2011-04-11 10:18:40 | マスメディア
3月28日号のアエラが一部で評判になっています。3月28日の読売新聞電子版は「アエラ表紙に抗議、野田秀樹氏が連載降板」という記事を載せています。

『福島第一原子力発電所の事故を扱った朝日新聞出版発行の週刊誌「アエラ」3月28日号が、風評被害を広げると批判された問題で、同誌に随筆を連載してきた劇作家・演出家の野田秀樹さん(55)は、28日発売の4月4日号で連載を自ら降りることを明らかにした。
 野田さんは、「ひつまぶし」と題した随筆の中で、「アエラ」28日号が表紙に「放射能がくる」と見出しを付けたことなどを疑問視し、「刺激的なコピーを表紙に使い人々を煽(あお)る雑誌だったとは気がつかないでいた」、「このアエラの[現実]に対する姿勢への不安が消えません」などと降板の背景を説明している』

 野田秀樹氏の行動がアエラの体質を世に知らせることにもなりました。アエラには多くの苦情が寄せられ、編集部はネット上の小さい字で謝罪しました。野田氏に敬意を表したいと思います。しかしこのアエラの営業戦略は成功し、すぐに売り切れたようで、私は入手できませんでしたが、かなりマトモと思われる森田満樹氏の論評が参考になりました。

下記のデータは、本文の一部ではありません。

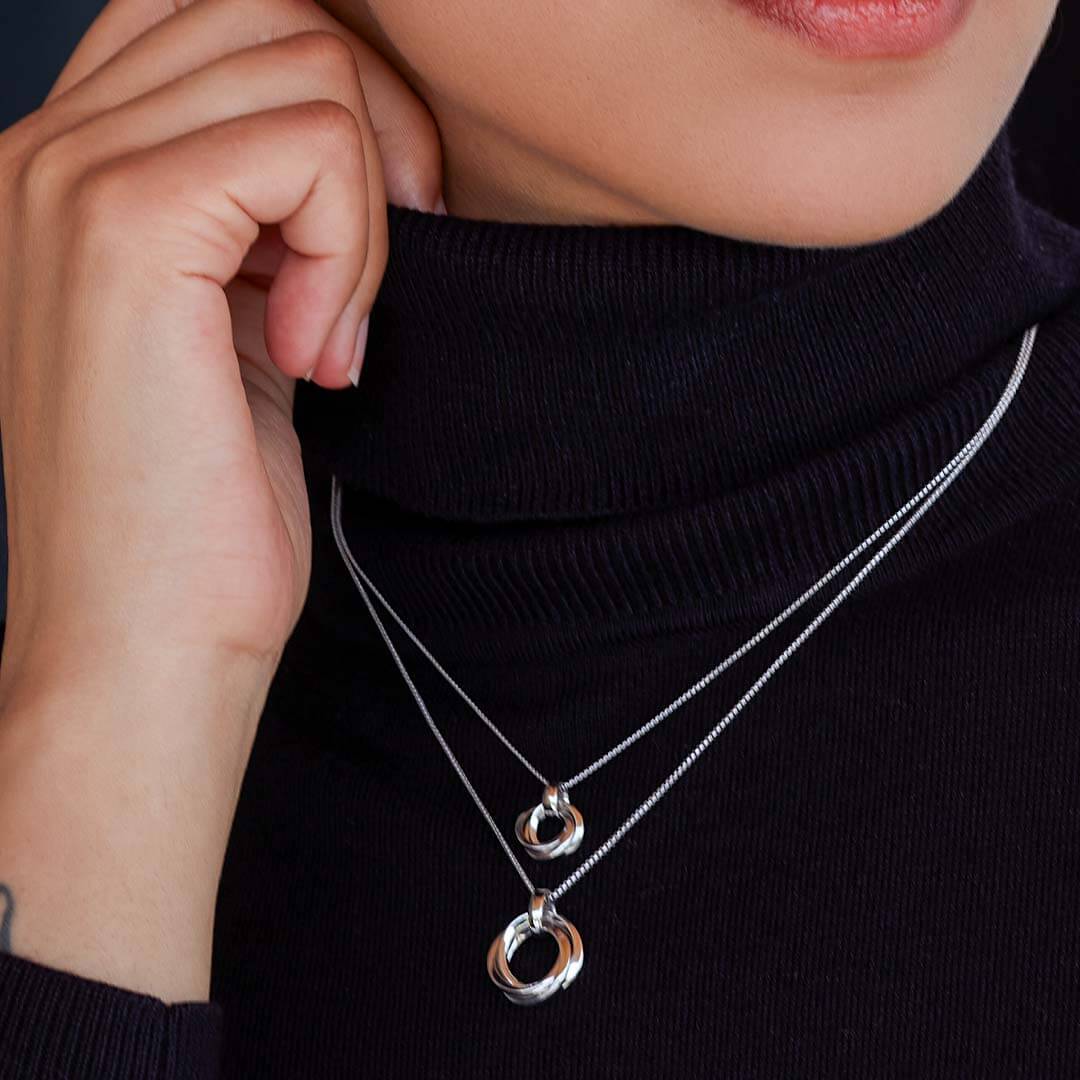 Bevel Trilogy Necklace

 他方、週刊朝日とBS朝日は広瀬隆氏を登場させ不安を煽っています。BS朝日で放映された福島原発事故 メディア報道のあり方 広瀬隆では「福島第一の4基とも危機にあり、1基でも逝くと近づけなくなるので6基とも次々と逝ってしまう。そうなる可能性は非常に高い。そして2日ほどで日本中が放射能の雲で覆われる」という意味の発言をしています(「逝く」と言う言葉は爆発などで大量の放射性物質が飛散するという意味だと思われます)。

 反原発で知られる広瀬隆氏は高い煽動能力をお持ちだと認めますが、決して冷静な解説者ではないと思われます。激しい誇張といい加減な話が多く、トンデモ系の怪しい人物とも見られているようで、少なくとも一流メディアが取り上げるような人物ではありません。彼を起用しなかった朝日新聞本体とテレ朝はよくわかっているのでしょう。

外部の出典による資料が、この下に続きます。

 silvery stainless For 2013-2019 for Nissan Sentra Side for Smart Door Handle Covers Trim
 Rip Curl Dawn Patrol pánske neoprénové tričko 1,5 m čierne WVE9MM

 朝日信者でなくとも、素直な人がアエラやBS朝日を見るとすぐに逃げなければ、という気持ちになります。少なからぬ人々が関西や国外へと避難していますが、これらの報道がそれを促したことは否定できません。また風評被害の大きい要因にもなるでしょう。不合理な風評を取り除くことはマトモなメディアの仕事だとおもいますが、これでは逆さまです。

 多くの週刊誌が原発の恐怖を書きたてる中、3月19日発行の「週刊ポスト4月1日号」は異色です。新聞広告を見ただけですが、「日本を信じよう」という特集を組み、恐怖を煽るような記事は見当たりません。恐怖を煽るという販促法に比べ地味ですが、社会に好ましい影響を与える編集方針は評価できます。

 新聞や出版社は売れなければ潰れるという宿命を負っているわけで、ある程度のセンセーショナリズムは仕方がないでしょう。でもアエラやBS朝日は大きく逸脱しており、その弊害は看過できない大きさです。利益を追求する精神がメディアとしての良心を凌駕したように見えます。朝日の給与水準は業界でトップクラスですが、それはこのような精神の賜物(たまもの)なのでしょう。朝日は戦後、一転して左派色を強めたわけですが、内実は資本主義体制の優等生であったという皮肉な話です(新聞・放送業界の給与水準についての参考記事)。

 戦前、朝日新聞は「社員を路頭に迷わすわけにはいかない」と言って、軍部にジャーナリズムの魂を売りました。今は「社員に貧しい暮らしをさせるわけにはいかない」と言って、魂を売り渡すことにしたのでしょうか。